Soumis à AlterPresse le 7 juin 2017

Homme de vigie Dis-moi je t’en prie
si je peux chanter plus haut que le vent
et crier ma joie d’une aube nouvelle

Anthony Phelps

Cela ne m’a pas pris beaucoup de temps pour concéder à Jacques Attali que le bruit, la politique et le pouvoir sont intimement liés. L’expérience haïtienne aidant, j’ai facilement compris que le bruit entretenu a toujours été un enjeu de pouvoir et un instrument politique. De là à acquiescer à ce que disait ce maître à penser, il n’y avait qu’un petit pas de fourmi. De fait, je suis habitué à voir des gens qui vocifèrent, battent la grosse caisse ou font du bruit justement pour imposer le silence à leurs interlocuteurs. Chose paradoxale en apparence, mais bien réelle en vérité. Et, ici-bas, la politique est faite surtout de cela, promouvoir une chose, même jusqu’à la déraison s’il le faut, en vue d’obtenir ce qu’on désire ardemment : son contraire.

Toutefois, il y a toujours un danger quand on mélange avec insouciance bruit et pouvoir politique, étant donné le fait que le bruit en soi est une forme de pouvoir. Je précise, un pouvoir destructeur assimilable à celui d’un ouragan de dernière catégorie. Quand on ne prend pas bien garde, en maniant bruit, politique et pouvoir, on encourt le risque d’instaurer sans le vouloir un terreau propice à l’apprivoisement du ridicule, où tout devient objet de risée. Dans de telles conditions, on rit de la souffrance et de la mort des autres ; on peut même rire de l’éventualité de sa propre disparition tout en pensant faussement que le ridicule ne tue pas. Voyez-vous, le rapport du bruit à la politique ou au pouvoir contient un aspect bluffant et est aussi tautologique que le rapport qu’entretiennent la poussière et le sol. Les politologues de l’opposition et les conseillers politiques du pouvoir en place devraient en savoir quelque chose.

La réalité quotidienne est telle qu’en Haïti, toute tentative pour cerner la quête du développement et de la démocratie - que le régime en place et les forces de l’opposition disent mener - se retrouve réduite à un casse-tête pour comprendre la topologie du bruit. Et d’emblée se pose un défi majeur, celui d’effectuer la radiographie d’une réalité bruyante et assourdissante sans éprouver soi-même le moindre étourdissement. Heureusement, l’objectivité et la raison sont faites pour cela. Quand vous vous armez de ces outils, soit vous devenez l’interlocuteur de tout le monde soit vous n’êtes l’interlocuteur de personne. Ce qui revient au même, car dans les deux cas vous vous mettez loin du fanatisme maladif qui imbibe l’esprit de la grande majorité des gens de ce pays et les empêche de réfléchir librement. En cela, vous vous parez de l’armure qui rend imperméable au bruit. Plus personne, pas même un magicien hollandais, ne peut vous imposer le silence en utilisant le pouvoir neutralisateur du bruit.

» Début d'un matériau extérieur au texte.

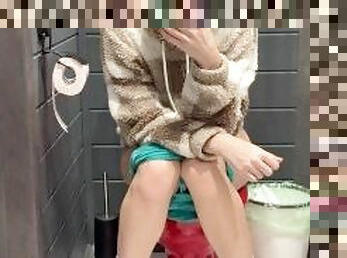 girl pissing on toilet show worship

Les élites piègent le pays sans concession, en faisant tout dans le bruit et en transformant le bruit en moyen de règlement des rivalités économiques et politiques. Ce n’est pas inconsciemment, puisqu’elles ont insisté jusqu’à sonner le glas du silence propice à la réflexion, à l’inspiration et à la création. Les expressions « mpral ba l bri », « mpral mete l cho » en disent long sur cette tendance généralisée à instrumentaliser le bruit pour en faire une arme redoutable de dernier recours. Les choses se sont dégénérées à un point tel que la substance même des relations pouvoir-opposition, pouvoir-développement et opposition-développement se retrouvent inscrites dans une espèce de triangulation du bruit. La presse en raffole et entretient cette atmosphère à coup de scoops et de buzz.

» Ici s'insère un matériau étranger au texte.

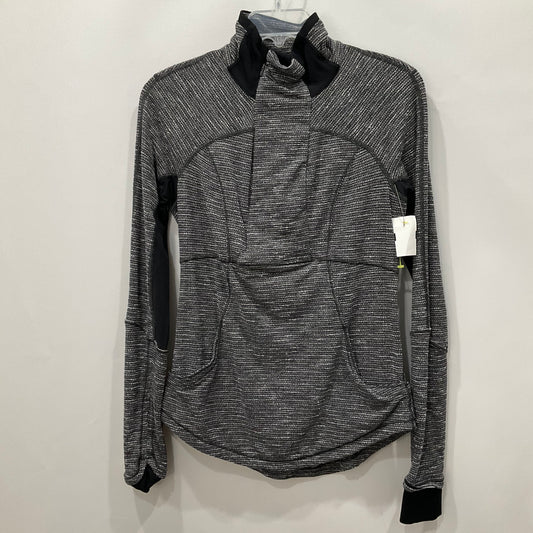 Athletic Top Long Sleeve Collar By Lululemon In Grey, Size: 6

Le désir de communiquer au maximum avec une population déjà assourdie s’est transformé en un rituel du bruit, plongeant de plus en plus celle-ci dans la confusion, ne sachant plus à qui et à quoi accorder du crédit. L’opposition politique, pour combattre le régime de Moise-Lafontant ne trouve pas mieux que de faire du bruit avec des questions vitales pour le pays comme le prix du carburant, le salaire minimum, la définition des priorités du moment, etc. Emboitant le pas, pour amorcer la mise en œuvre de son programme d’actions pour le changement promis, le gouvernement a eu recours à une stratégie de caravane dans laquelle l’excès de cocorico est palpable. C’est encore du bruit, puisque le passage bruyant de cette caravane ne peut pas se faire sans agacer obligatoirement ‘l’espèce canine’, comme le veut le dicton populaire : « les chiens aboient la caravane passe ». Sur les questions du développement socio-économique et des politiques publiques, une frange de l’opposition – masquant mal son incapacité patente à proposer des alternatives techniquement attrayantes – amplifie le bruit par des égosillements stériles ou des appels aux casses et à la violence.

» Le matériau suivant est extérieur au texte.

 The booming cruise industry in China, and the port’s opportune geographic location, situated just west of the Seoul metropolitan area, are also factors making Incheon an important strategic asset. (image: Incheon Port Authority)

Les organisations de la société civile, non plus, ne sont pas en reste. Elles cherchent désespérément leurs vocations perdues. On les croyait, à tort, réduites au silence par les multiples scandales qui les ont éclaboussées. Elles reviennent de l’agonie et se réactivent, pour le meilleur et pour le pire. Elles se posent en caisse de résonnance des revendications de certaines couches bafouées de la société, et en faisant cela, au moins, elles ont signifié encore leur existence. On dirait que c’était bon signe pour cette société qui en a tant besoin. Là encore, pas une seule proposition viable à l’intention des protagonistes qui se préparent à l’affrontement. En fin de compte, ce n’est rien que du bruit…

Des professeurs travaillent des années durant, sans recevoir un sou du trésor public. C’est navrant et humiliant. Ils s’indigent avec raison et ont battu le macadam. Ils estiment que leurs efforts et leurs sacrifices ne sont pas suffisamment appréciés par la société. Voyant que leur voix n’a pas été entendue, ils se sont rabattus sur la violence comme point d’appui pour pouvoir se soulever et obtenir l’appui de leurs alliés naturels que sont les élèves des lycées publics. Tous se sont rués sur les barrières et les toitures métalliques de certaines écoles congréganistes et privées à coups de pierre. On a eu du bruit ras les tympans…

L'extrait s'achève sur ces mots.